Retype exactly the lines below, beginning with the first and ending with the line where "En enero, China" appears.

··· GIVEN INFORMATION ···

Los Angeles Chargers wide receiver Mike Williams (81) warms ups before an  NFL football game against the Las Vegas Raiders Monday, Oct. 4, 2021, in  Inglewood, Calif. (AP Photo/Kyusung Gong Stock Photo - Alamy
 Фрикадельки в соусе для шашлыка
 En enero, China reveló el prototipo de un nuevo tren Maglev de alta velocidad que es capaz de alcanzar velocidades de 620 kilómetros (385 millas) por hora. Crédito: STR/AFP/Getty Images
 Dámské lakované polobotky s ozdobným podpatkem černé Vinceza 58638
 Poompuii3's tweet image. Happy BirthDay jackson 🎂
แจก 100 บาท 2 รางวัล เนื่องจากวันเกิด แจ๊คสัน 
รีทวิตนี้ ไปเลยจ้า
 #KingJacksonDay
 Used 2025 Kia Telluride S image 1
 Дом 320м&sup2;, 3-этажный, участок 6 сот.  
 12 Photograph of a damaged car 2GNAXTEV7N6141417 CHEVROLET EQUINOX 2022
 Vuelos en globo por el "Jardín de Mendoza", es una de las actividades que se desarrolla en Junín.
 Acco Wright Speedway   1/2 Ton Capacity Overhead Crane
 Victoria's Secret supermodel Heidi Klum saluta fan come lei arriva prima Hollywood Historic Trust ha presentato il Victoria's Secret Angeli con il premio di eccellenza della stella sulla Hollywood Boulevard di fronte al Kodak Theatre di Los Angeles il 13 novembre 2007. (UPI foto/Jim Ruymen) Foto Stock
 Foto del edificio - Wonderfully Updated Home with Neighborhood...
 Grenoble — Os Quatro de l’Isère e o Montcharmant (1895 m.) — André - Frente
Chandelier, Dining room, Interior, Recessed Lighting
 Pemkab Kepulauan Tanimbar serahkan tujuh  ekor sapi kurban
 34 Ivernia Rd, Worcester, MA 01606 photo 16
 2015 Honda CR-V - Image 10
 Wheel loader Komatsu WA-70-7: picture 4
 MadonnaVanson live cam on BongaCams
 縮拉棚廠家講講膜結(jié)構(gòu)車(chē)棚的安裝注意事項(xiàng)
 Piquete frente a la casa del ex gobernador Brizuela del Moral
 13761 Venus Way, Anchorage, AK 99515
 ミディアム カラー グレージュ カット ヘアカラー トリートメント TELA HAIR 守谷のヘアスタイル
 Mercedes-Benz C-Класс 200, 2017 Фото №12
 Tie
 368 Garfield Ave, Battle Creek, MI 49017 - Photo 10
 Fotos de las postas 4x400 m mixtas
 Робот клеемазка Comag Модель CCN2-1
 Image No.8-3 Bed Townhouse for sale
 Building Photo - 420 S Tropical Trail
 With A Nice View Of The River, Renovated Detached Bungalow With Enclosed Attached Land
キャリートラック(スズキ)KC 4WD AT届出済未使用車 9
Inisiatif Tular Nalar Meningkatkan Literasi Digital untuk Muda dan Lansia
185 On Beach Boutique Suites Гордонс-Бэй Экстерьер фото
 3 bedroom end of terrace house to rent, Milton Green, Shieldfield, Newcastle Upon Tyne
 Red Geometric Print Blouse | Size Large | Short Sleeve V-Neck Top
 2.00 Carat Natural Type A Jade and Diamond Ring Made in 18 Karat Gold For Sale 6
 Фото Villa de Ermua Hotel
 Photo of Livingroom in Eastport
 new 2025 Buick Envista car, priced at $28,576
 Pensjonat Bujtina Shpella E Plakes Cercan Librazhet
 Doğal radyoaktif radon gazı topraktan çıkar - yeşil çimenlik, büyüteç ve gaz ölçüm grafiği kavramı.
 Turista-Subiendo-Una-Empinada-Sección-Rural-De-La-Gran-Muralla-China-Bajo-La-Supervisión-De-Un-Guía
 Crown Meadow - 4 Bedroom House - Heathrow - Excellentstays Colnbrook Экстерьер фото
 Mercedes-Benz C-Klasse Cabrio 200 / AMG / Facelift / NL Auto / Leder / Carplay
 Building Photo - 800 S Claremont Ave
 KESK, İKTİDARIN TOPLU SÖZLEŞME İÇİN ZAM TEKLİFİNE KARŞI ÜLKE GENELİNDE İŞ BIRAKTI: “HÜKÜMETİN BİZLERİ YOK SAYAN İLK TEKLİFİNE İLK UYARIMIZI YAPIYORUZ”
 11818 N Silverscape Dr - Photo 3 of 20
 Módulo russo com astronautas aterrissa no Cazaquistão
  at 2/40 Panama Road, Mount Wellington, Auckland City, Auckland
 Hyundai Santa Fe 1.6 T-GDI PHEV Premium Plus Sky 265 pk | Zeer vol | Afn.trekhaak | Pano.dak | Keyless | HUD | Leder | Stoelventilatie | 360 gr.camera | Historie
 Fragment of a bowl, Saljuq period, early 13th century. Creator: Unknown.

···

REPLY TO THE EXERCISE –
Los Angeles Chargers wide receiver Mike Williams (81) warms ups before an  NFL football game against the Las Vegas Raiders Monday, Oct. 4, 2021, in  Inglewood, Calif. (AP Photo/Kyusung Gong Stock Photo - Alamy
 Фрикадельки в соусе для шашлыка
 En enero, China reveló el prototipo de un nuevo tren Maglev de alta velocidad que es capaz de alcanzar velocidades de 620 kilómetros (385 millas) por hora. Crédito: STR/AFP/Getty Images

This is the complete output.